SUPPLIED INFORMATION
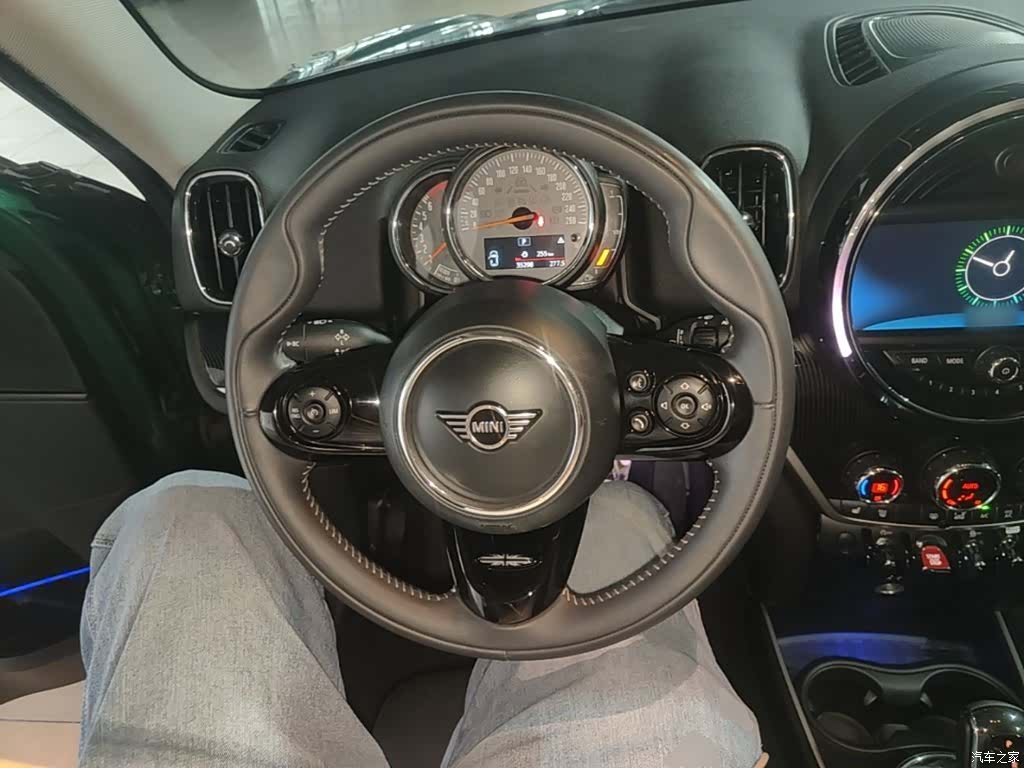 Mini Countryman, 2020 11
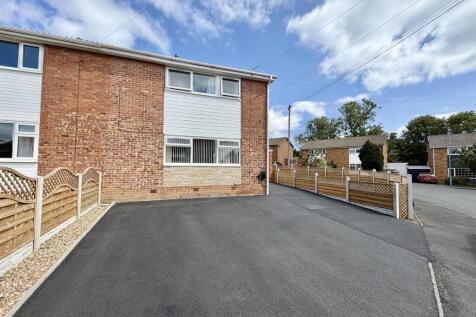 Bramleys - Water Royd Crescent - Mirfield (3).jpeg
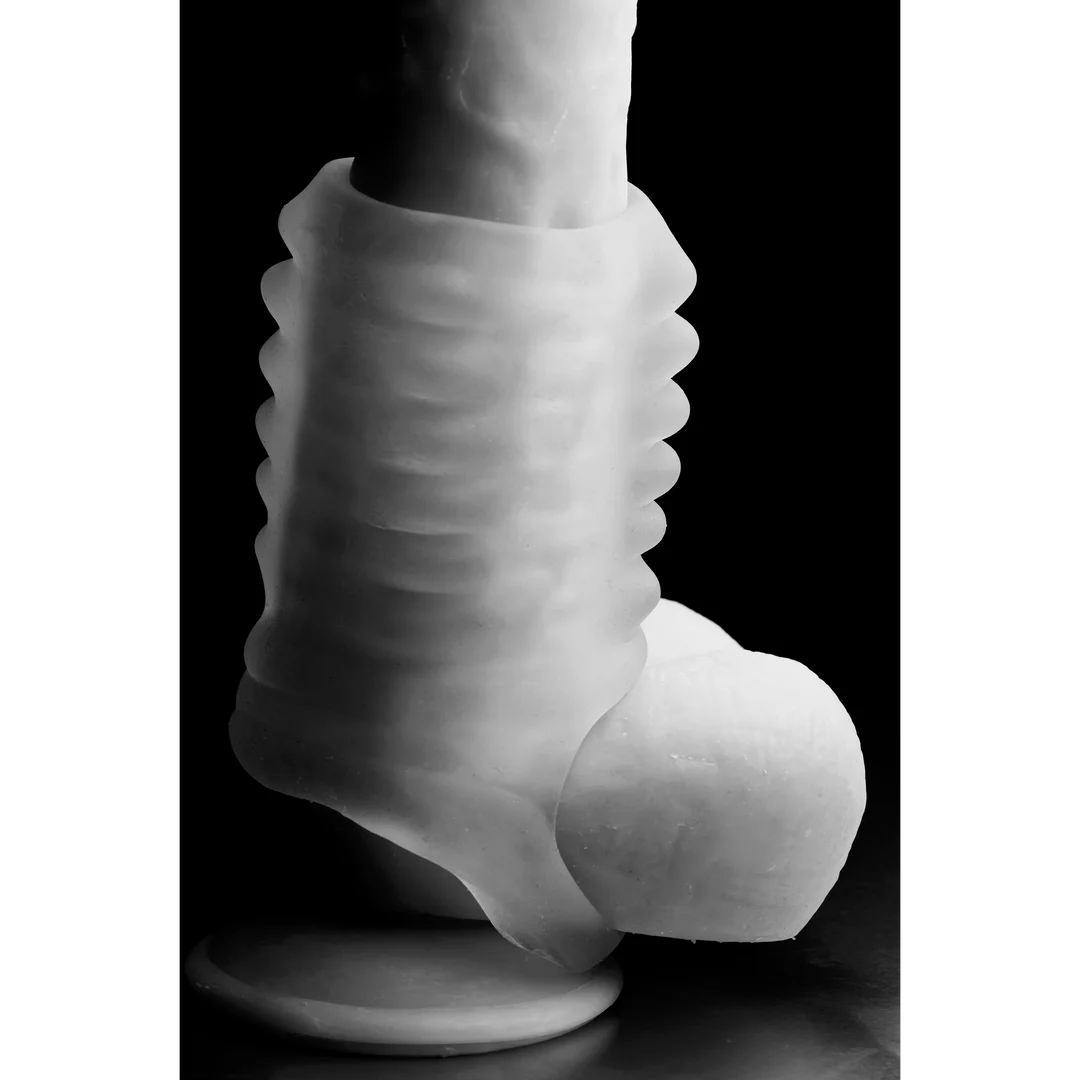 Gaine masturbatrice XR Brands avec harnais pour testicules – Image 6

REQUIRED ACTION
Starting at the line that holds "Bramleys - Water" and stopping at the last line of the listing above, write out each line exactly as it appears, and omit the pictures.

RESPONSE TO THE EXERCISE
 Bramleys - Water Royd Crescent - Mirfield (3).jpeg
 Gaine masturbatrice XR Brands avec harnais pour testicules – Image 6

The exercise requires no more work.